Tico Time Zone: One of my favorite things about Costa Rica is how culturally diverse it has become over the past 25 years, Costa Rica is changing. When I first arrived here and paddled out in Jacó almost that long ago, only a handful of gringos were living in the area. Most were surfers or expats with a lame cover story to hide the fact they were running from something. Costa Rica was a weird mix of eclectic journeymen who all seemed to relish the state of living in total anonymity.

As for my own crew, we were a bunch of surf-starved Rhode Island boyz who only wanted to surf, eat, rinse and repeat. The local surfers were a bunch of guys our age wanting to share their culture with anyone willing to live the pure life in Costa Rica. It was like no place I’d ever seen. Everyone was open and laid back. No one had an agenda. Get barreled and assimilate with the local fauna was all that I cared about. As they say, “Surfing is life; the rest is details.” I figured that somebody had to live here so it might as well be us.

We have that mix of
cultural flavor in abundance.

Back then, Jacó was a completely different animal. There were no condos or high-rises. Just a few mom and pop tiendas, two surf shops and one disco called “La Central.” The only thing taller than two stories were the waves at Roca Loca. A former tourism campaign slogan about Costa Rica really fit back then: “No artificial ingredients.”

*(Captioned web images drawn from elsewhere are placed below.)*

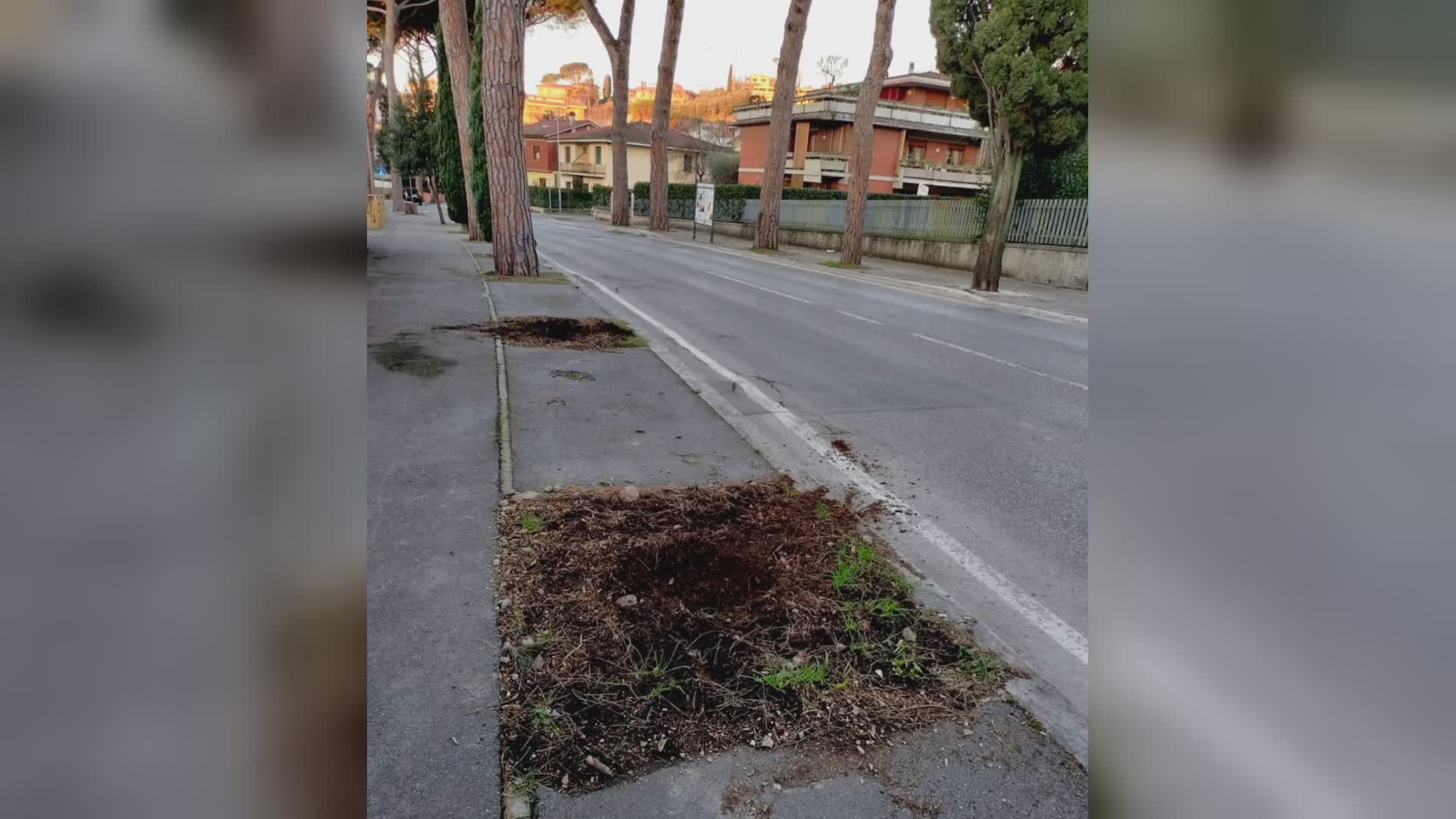 Cronaca, Montecatini: rubati due piccoli cipressi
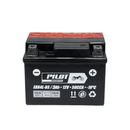 Bateria Pilot EBX4L-BS-2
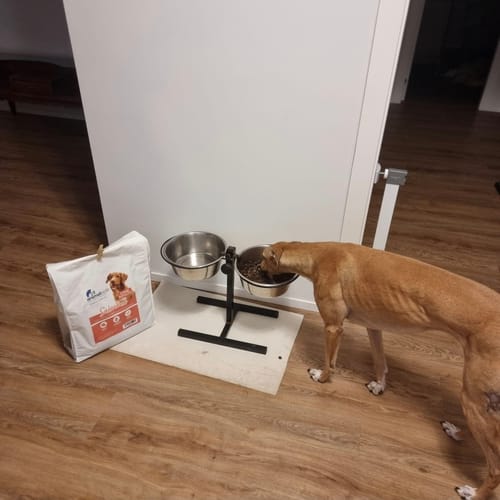 Customer photo review of 100g Crocchette GRAIN FREE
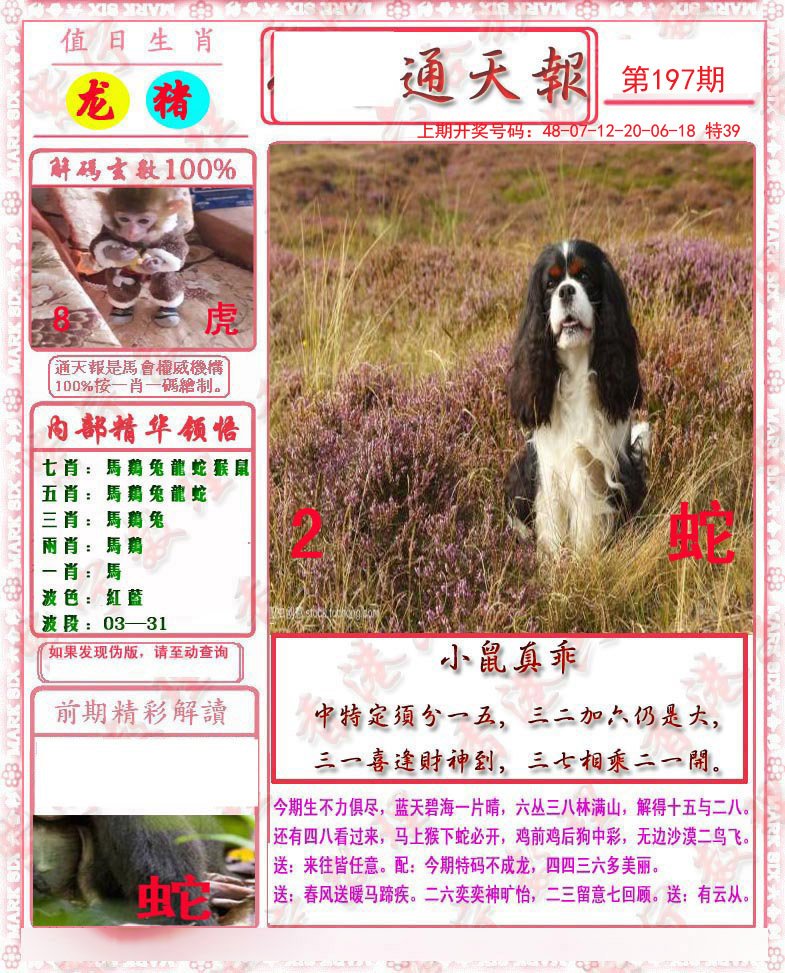 2024197期马经通天报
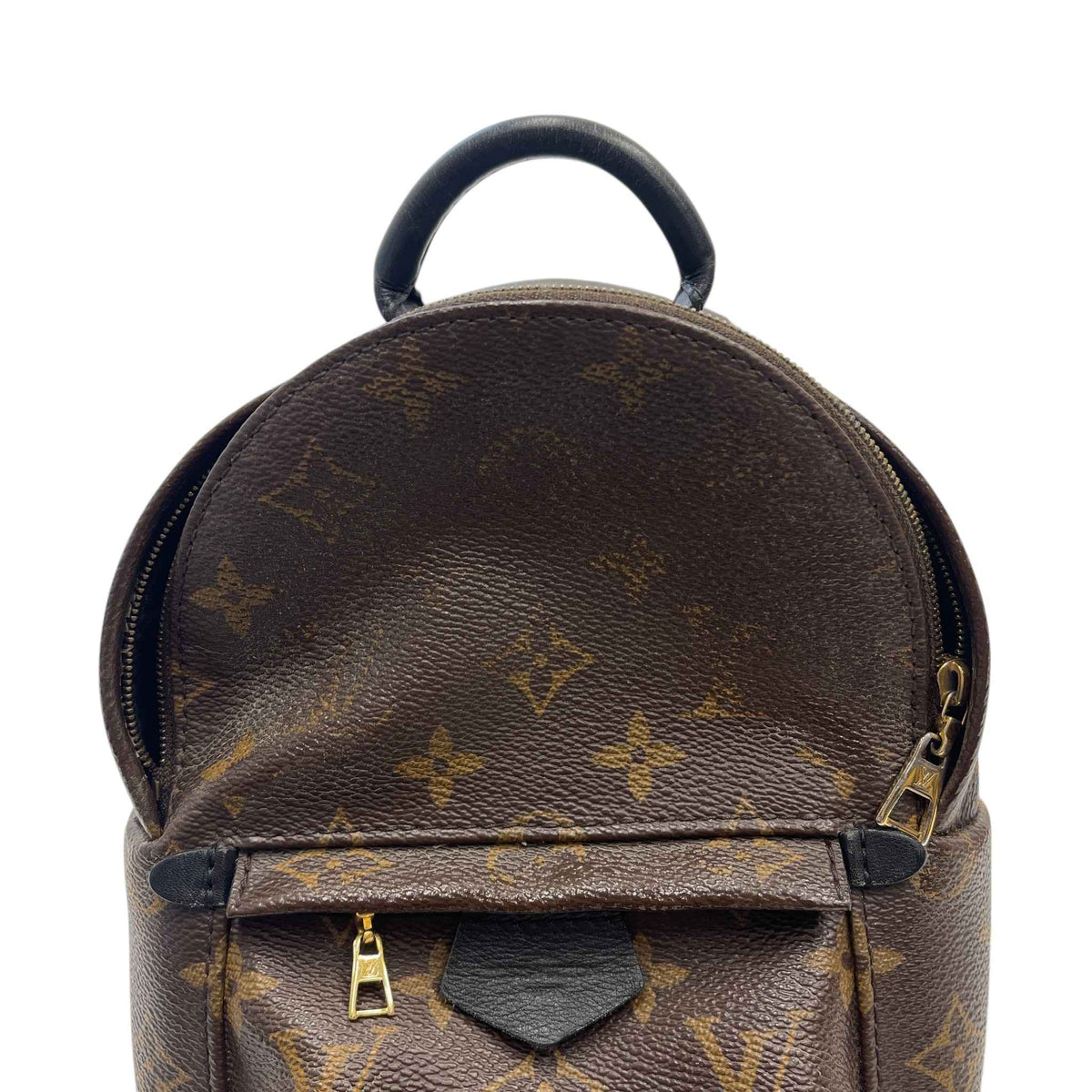 Women's Monogram Palm Springs Mini Backpack Brown - Photo 15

After the honeymoon was over, I left Jacó and headed up to Playa Grande to live. It was an area experiencing new growth. Besides the consistently empty surf and offshore spots, one other thing stood out — culturally diverse transplantations were starting to bloom here as they were all over the Gold Coast. Walking down the streets, we would notice a French restaurant that wasn’t there before or a Spanish café. Next time it might be an Italian pizza place or a Canadian sports bar … perhaps an Asian fusion place and, of course, a German bakery. Ultimately, I figured I would open an American — specifically, Rhode Island — supermarket and deli. Hell, I thought … it couldn’t be that hard given the lack of local competition. Laugh if you will, but there was a time when we had to go all the way to Santa Cruz every week for a full shopping and supply run!

So that’s how I started “Super Pura Vida and Cabinas” in 1998. The diversity of the area was evident right away. All types of people came into the store. We all had a part in building a new community together in Playa Grande, so we all had our own stories to share about the mutual daily grind in paradise.

There’s a saying here, “poco a poco.” It means you have to learn to take things slow and never forget “they” let us live here. We did take it slow over the years, while sharing our cultural stories, our foods and our idiosyncrasies. By morphing them with the notions of “Tico time” and “pura vida” we emerged as an amazingly diverse and courageous type of new age explorer. It takes all kinds of ingredients to make a great soup, and we have that mix of cultural flavor in abundance here.

I am the proud father of a Costa Rican daughter, and sometimes can’t believe I was granted a cédula and allowed to live here. I thank God every day for all the blessings bestowed on me. I’ve never stopped being amazed at all the cool people, places and things that make Costa Rica a multicultural wonder of the world. I hope and pray this international blue zone will forever keep evolving as the place I like to call Puravidaville!